What do organizers need to do better to buck this trend?

First, students need to see that when they participate in an awareness week, they are somehow contributing to the cause. "Awareness" is all well and good, but it is simply a first step. While it's necessary in order to make future progress, it's not yet a direct benefit to the cause.

The easiest way to do this is to raise money. Instead of handing out donuts and flyers outside DeBartolo, why don't groups sell the donuts and give the proceeds to charity? Even more effective would be T-shirts, which students could then sport throughout the week - a tactic that some organizations, like the MDG task force, do already.

Another issue is the concentration of awareness weeks in the spring semester. Many groups probably want to avoid football season, which makes sense, but what if some organizers shifted their week to a different time in the year? That would prevent awareness-week burnout. A second idea would be spreading events out over a month, rather than cramming a weighty message into one week.
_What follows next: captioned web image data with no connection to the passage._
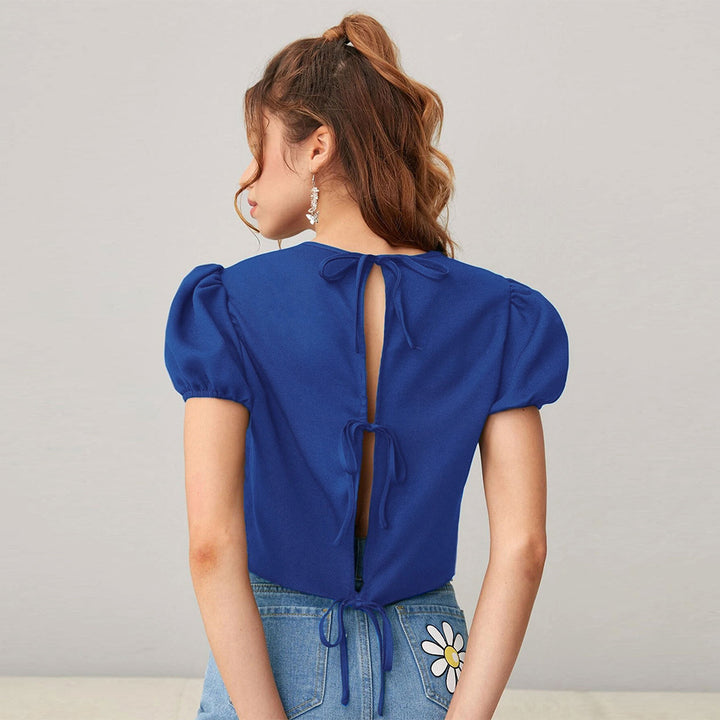 Kvinder Crop Top med Puf Ærmer og Blød Rund Hals Stilla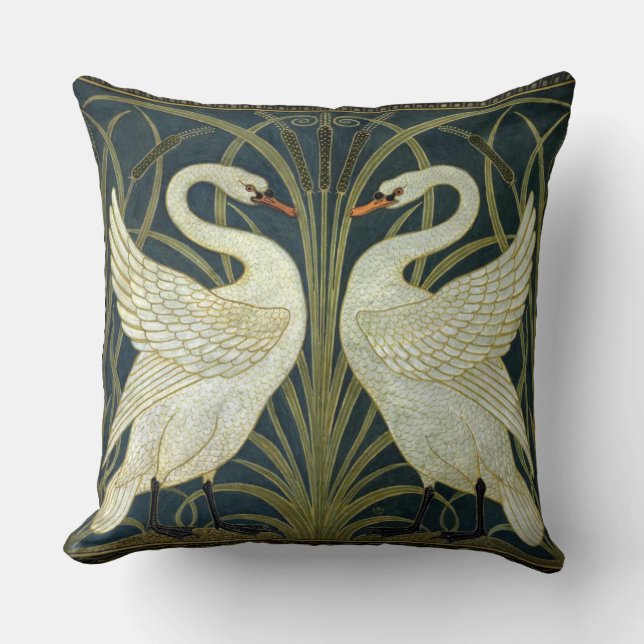Almofada Walter Crane Swan & Rush e Iris Vitoriano (Frente)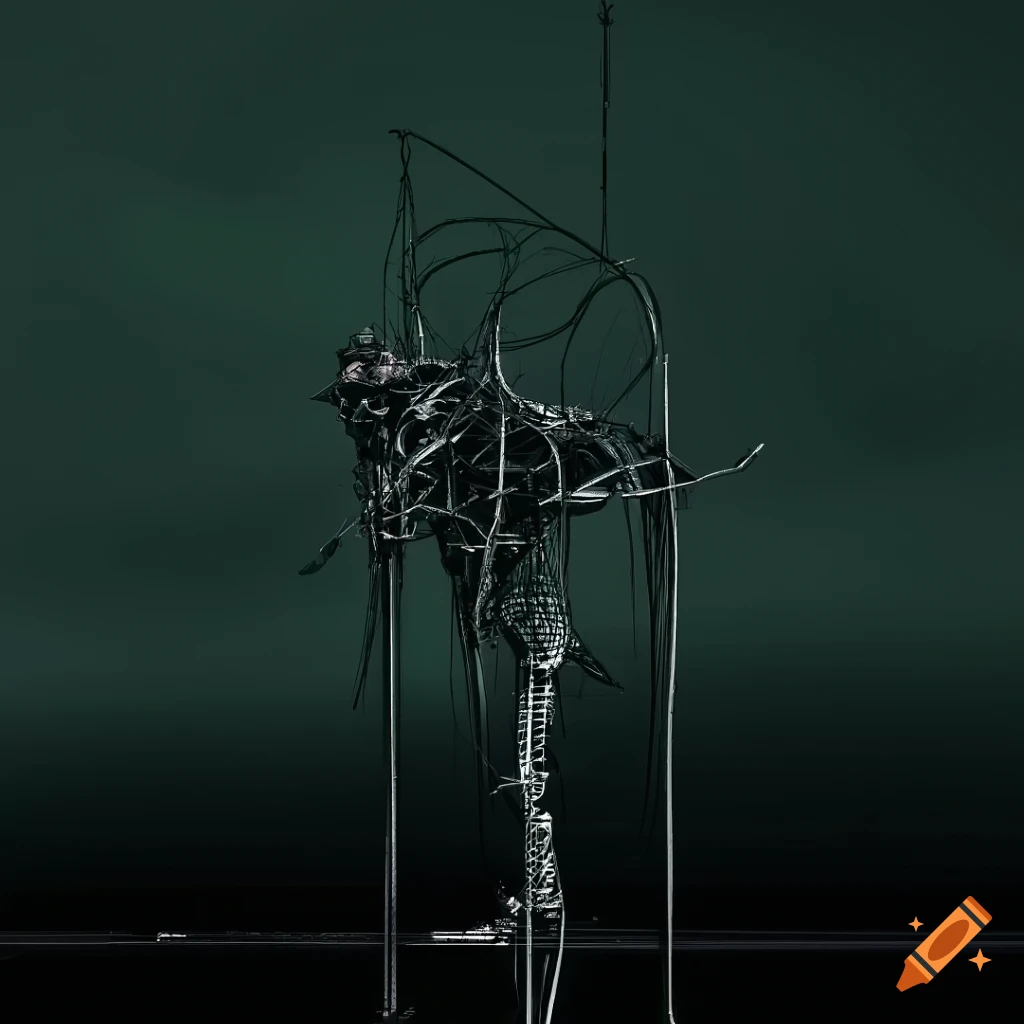 wireframe artwork of elephants in a graveyard by Yves Tanguy and Arthur Rackham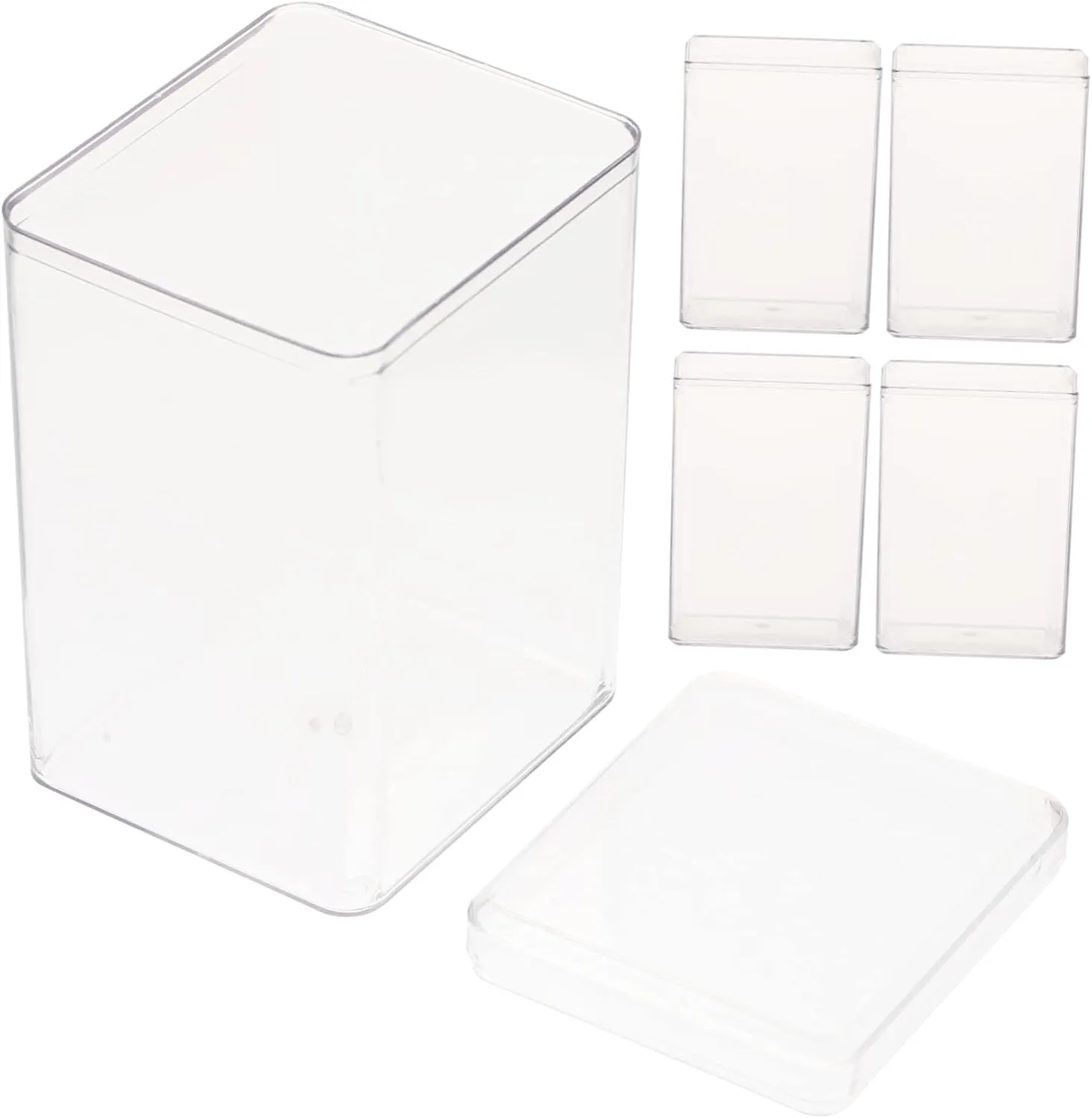 Ciieeo 5pcs Figurine Display Box Plastic Model Boxes Figures Collectible Doll Storage Stackable Organizing for Home and Office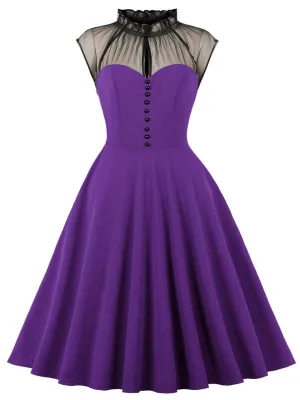 Purple Stand Ruffles Collar Semi-Sheer Sleeveless 1950S Vintage Dress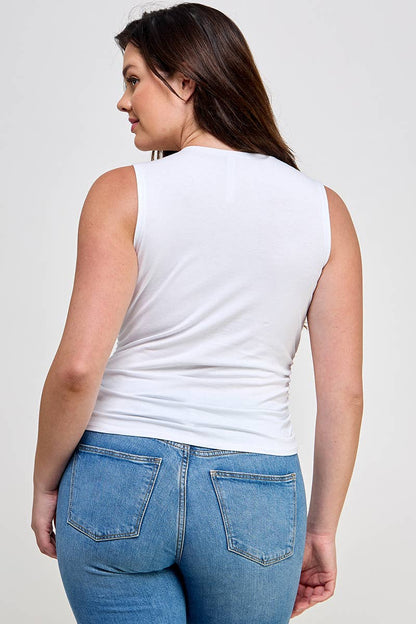 Plus V-Neck Ruched Tank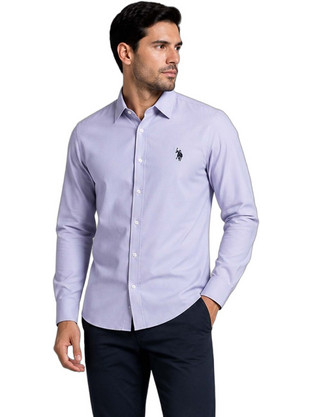 U.S. Polo Assn. Ανδρικό Πουκάμισο Βαμβακερό Μακρυμάνικο Κανονική Γραμμή Μωβ 9016147085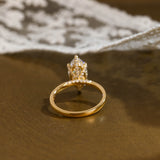 Solid Gold Hidden Halo Marquise Cut Moissanite Engagement Ring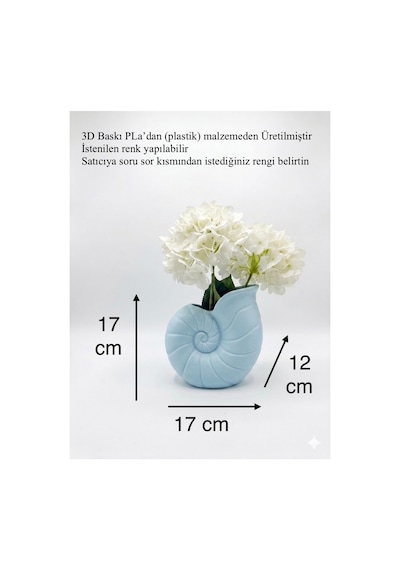 3d Tasarım Deniz Kabuğu Vazo - Dekoratif Modern Saksı Ve Estetik Obje 17 Cm Mavi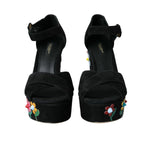 Dolce & Gabbana Black Floral Ankle Strap Heels Sandals Shoes LA10924-39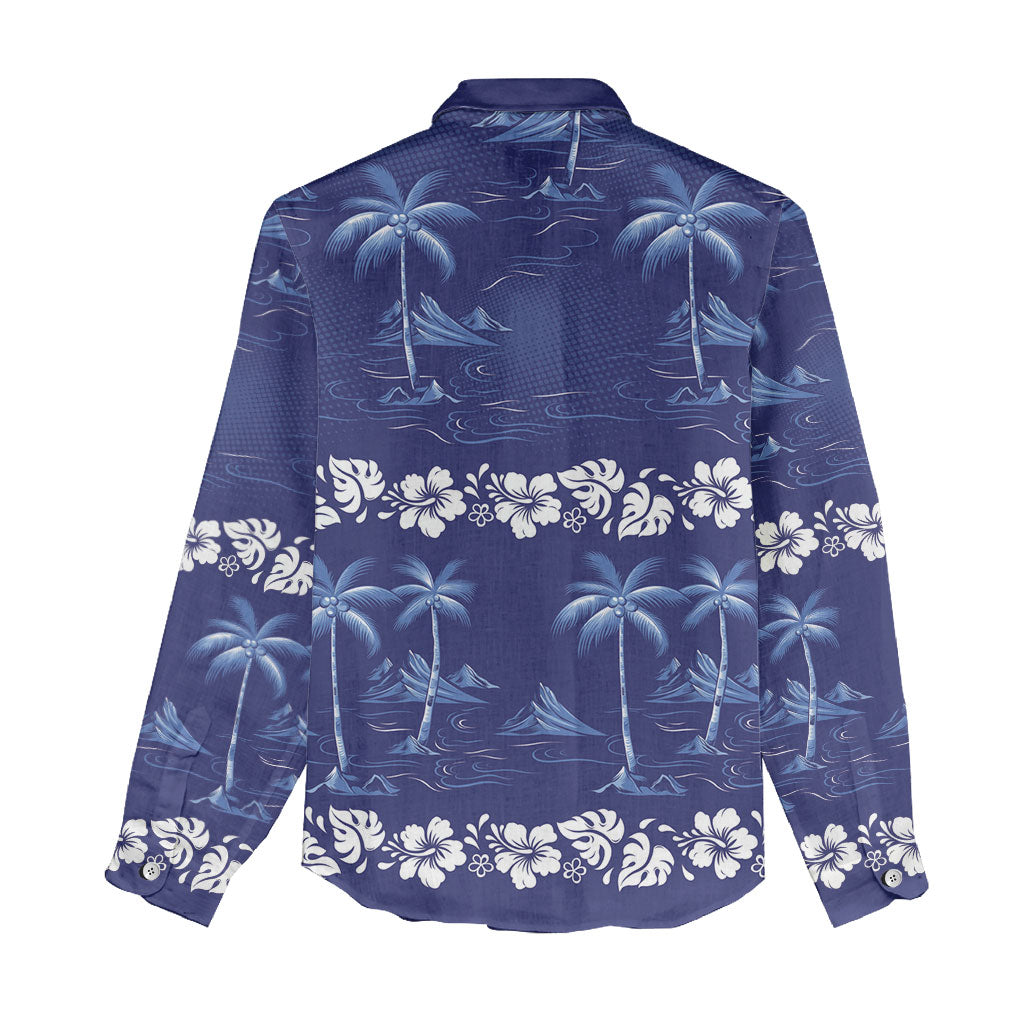 Blue Hawaii Palm Tree Hibiscus Women Casual Shirt Fantasy Summer Vibe LT01 - Polynesian Pride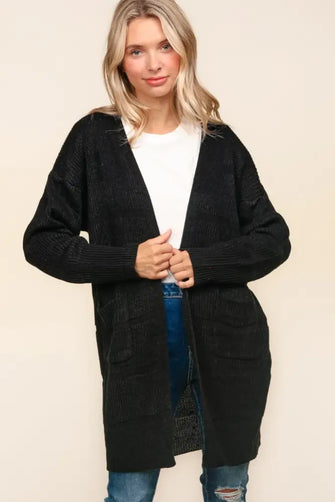 Haptics Stripe Textured Open Front Cardigan with Pockets Black Woman Outerwear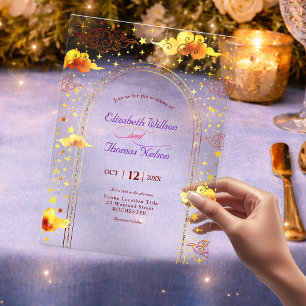 Invitations En Acrylique Élégant mariage céleste mystique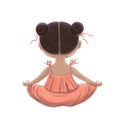 Cute girl meditation, watercolor style illustration, hand drawn yoga clipart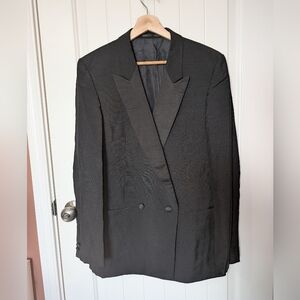 Vintage Modesto Bertotto Men’s Italian Wool/Mohair Blend Blazer Black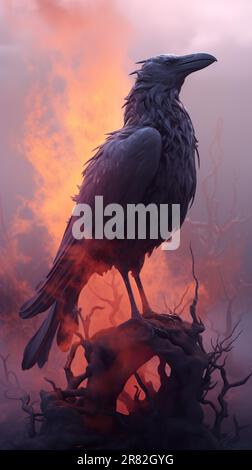 An eerie spectacle of a crow made from fire-coloured smoke. The artistically created image sets a thrilling scene, almost as if plucked from a hauntin Stock Photo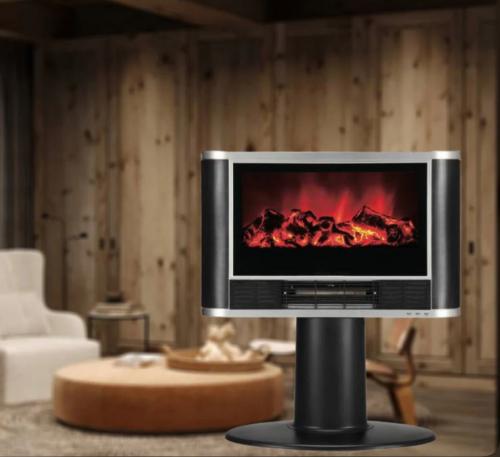 دفاية شاشة ديكورية مع برواز فضي مع ريموت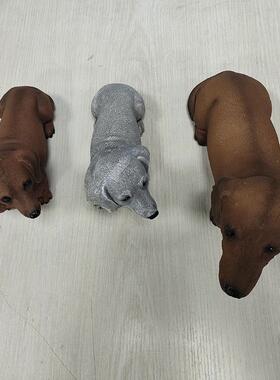 跨境创意可爱仿真腊肠犬树脂摆件户外花园庭院桌面装饰小狗工艺品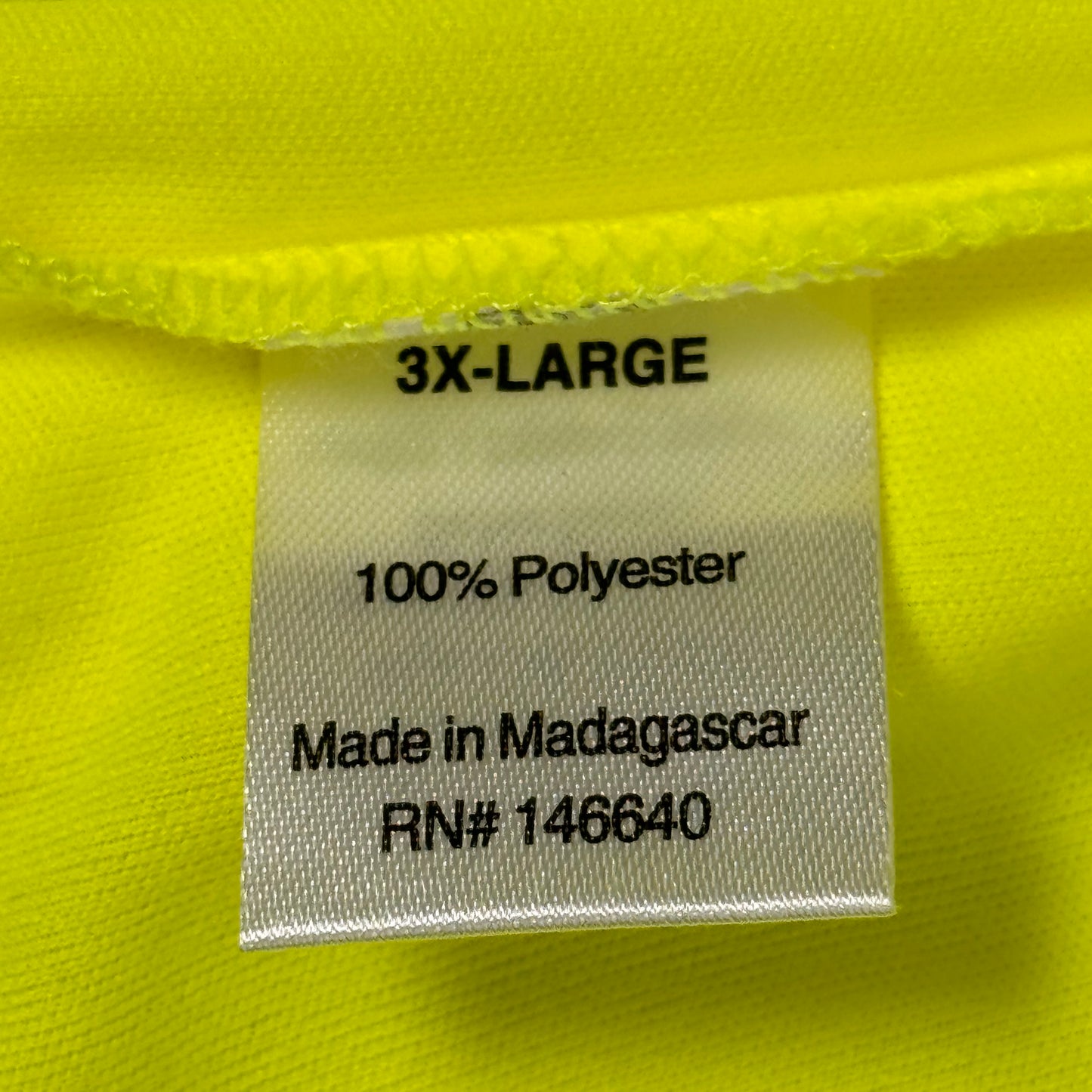 EG-PRO (4 PACK) Long Sleeve High Visibility Shirt 100% Poly SZ 3X Safety Yellow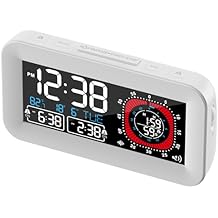 Digital Dual Alarm Clock for Bedroom,Visual Timer Clock for Kids,Dual Display Countdown Stopwatch Timer Dual Alarm Clock, Time Management Station for Homeschooling Teaching Home Kitchen Office (White)
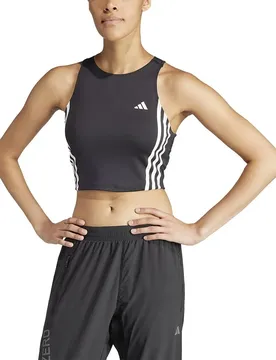 Maglietta Senza Maniche Own The Run Excite 3 Stripes Black XL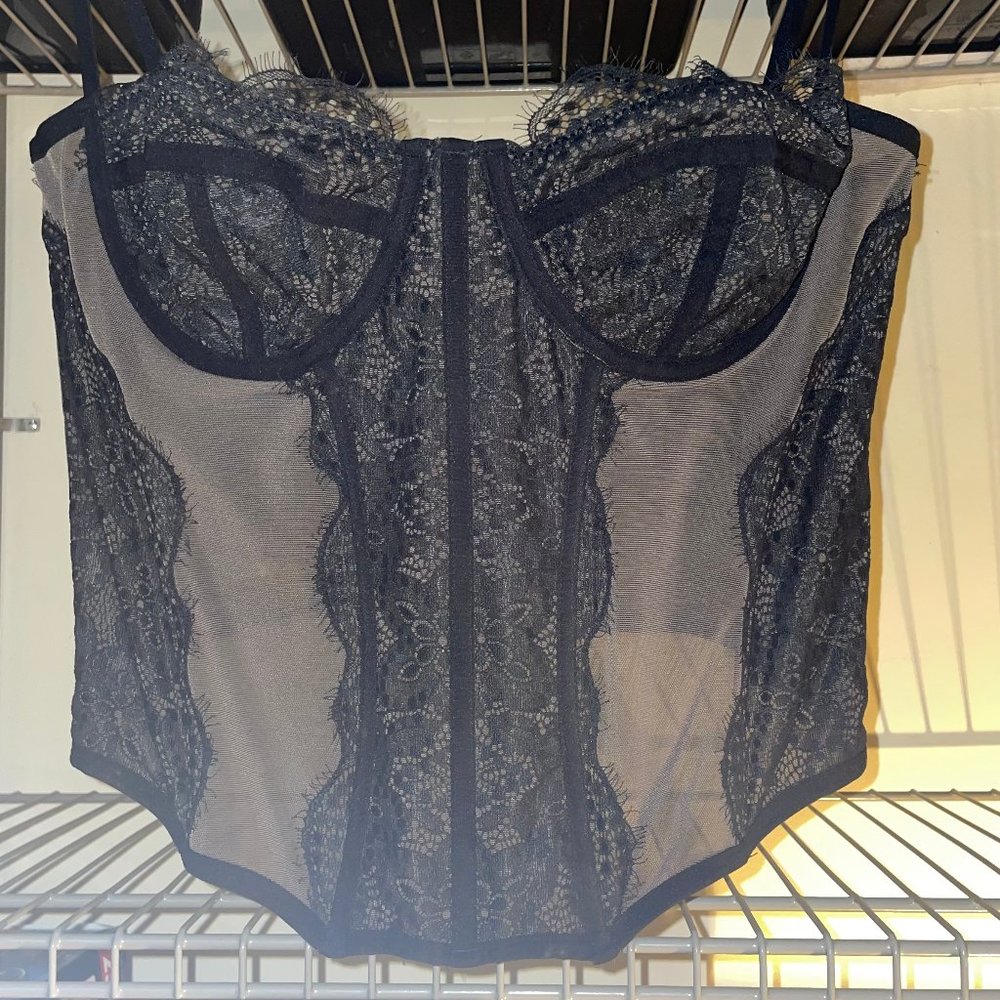 Urban Outfitters Black Lace Bustier Tank Top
In order for that to work, of course, the groups would have to work together. If organizers give each other space and time to showcase their cause, everyone will benefit because students won't confuse multiple awareness weeks with each other - a legitimate problem, and a real disappointment. Instead of building momentum, many weeks seem to come and go with no real groundswell of support afterward. Increasing the time in between awareness weeks or changing to a month-long system would generate more support and allow more time to process important information.

Students driven to work for change can greatly benefit the rest of campus by explaining and promoting their causes. The challenge is to do so in a way that's engaging, informative and productive.

That can only be achieved through greater organization and coordination, and that is how students can become forces of change, rather than simply advocates for it.